4.12. Una estrella

  • José Carlos Mariátegui

 

         1Miremos al cielo.
         Despeguemos los ojos de la tierra parda, de la tierra desabrida, de la tierra hostil donde se consume y se sobrecoge nuestro corazón, punzado cotidianamente por el destino con la artera punta de una cañita de anticucho.
         Es un gran negocio, señores, mirar al cielo.
         Mirando al cielo la vida se ennoblece, el ánimo se ensancha y la cabeza se ilumina. Y, además, en el cielo puede encontrarse de repente un sol nuevecito y brillante. Mientras que en la tierra no se encuentra nunca un real.
         Aries, por ejemplo, que se pasa las horas atisbando el infinito, es un hombre feliz y bueno. No le preocupa la emisión de billetes. Ignora todos los discursos parlamentarios del elocuentísimo señor don Víctor Criado y Tejada. Confunde al señor Fariña con un notario que usa los mismos chaqués y a quien se le caen las tiras del calzoncillo. Cree en el carácter vitalicio de la sonrisa del señor Manzanilla. No comparte el convencimiento teosófico del señor Corbacho de que “la historia se repite”. Es amigo del artista Arias de Solís. No tiene la menor noticia del ex ministro de hacienda señor don Germán Arenas. Apenas si la tiene de Belmonte y del molinete. No se explica por qué el señor don Manuel Bernardino Pérez no lanza su candidatura a la presidencia de la República. Se imagina que don Pedro de Ugarriza es millonario. Jamás lee el diario de los debates. Y anda tan prendado del cielo que no tiene tiempo para enamorarse de dama alguna, mestiza o extranjera.

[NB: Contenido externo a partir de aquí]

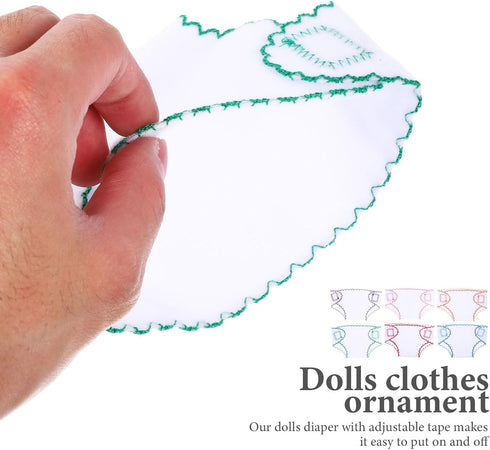 Alipis 6Pcs Baby Doll Diapers, Doll Underwear for 14-18Inch, Baby Doll Cloth Nappies Set Doll Clothes Little Baby Doll DIY Accessories for Kids, G...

         Además, Aries escribe sobre lo que le da la gana. Como sus artículos no se ocupan sino de los astros no pueden granjearle ningún incidente personal. Y en cambio pueden asombrar a la humanidad con el anuncio de que ha aparecido en el cielo una estrella grandaza y bellísima que es, seguramente, más estrella que una tonadillera.

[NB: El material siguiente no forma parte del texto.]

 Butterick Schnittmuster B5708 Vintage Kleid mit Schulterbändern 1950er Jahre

         Nosotros, pobres periodistas obligados a escribir todos los días sobre la política peruana, sobre el gobierno del señor Pardo, sobre la candidatura del señor Aspíllaga y sobre el discurso del coronel Ballesteros, envidiamos en sumo grado la suerte de Aries.
         Y para parecernos a él de alguna manera nos subimos a la azotea. Levantamos los ojos al cielo. Y buscamos el astro que sus ojos zahoríes de astrónomo han descubierto.

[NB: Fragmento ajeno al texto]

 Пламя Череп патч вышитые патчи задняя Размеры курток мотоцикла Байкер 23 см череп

         Pero nos vence nuestra miopía.
         De tanto mirar las cosas perecederas de la tierra no podemos ya mirar las cosas inmortales del cielo. Nuestros ojos habituados a la contemplación consuetudinaria de los escarpines del señor don Óscar Víctor Salomón no pueden llegar a la altura familiar a los ojos de Aries.
         Y desfallecemos de pena.
         Pero, poco a poco, renace en nuestra ánima ensombrecida un brote de optimismo y se nos ocurre que esta estrella que se ha clavado de la noche a la mañana en el cielo de Lima es una estrella que va a conducirnos, como la estrella de oriente de los reyes magos, a la bienaventuranza.
         Y creemos en la estrella, aunque continuamos sin verla. Porque la fe en el cielo es lo único que nos queda.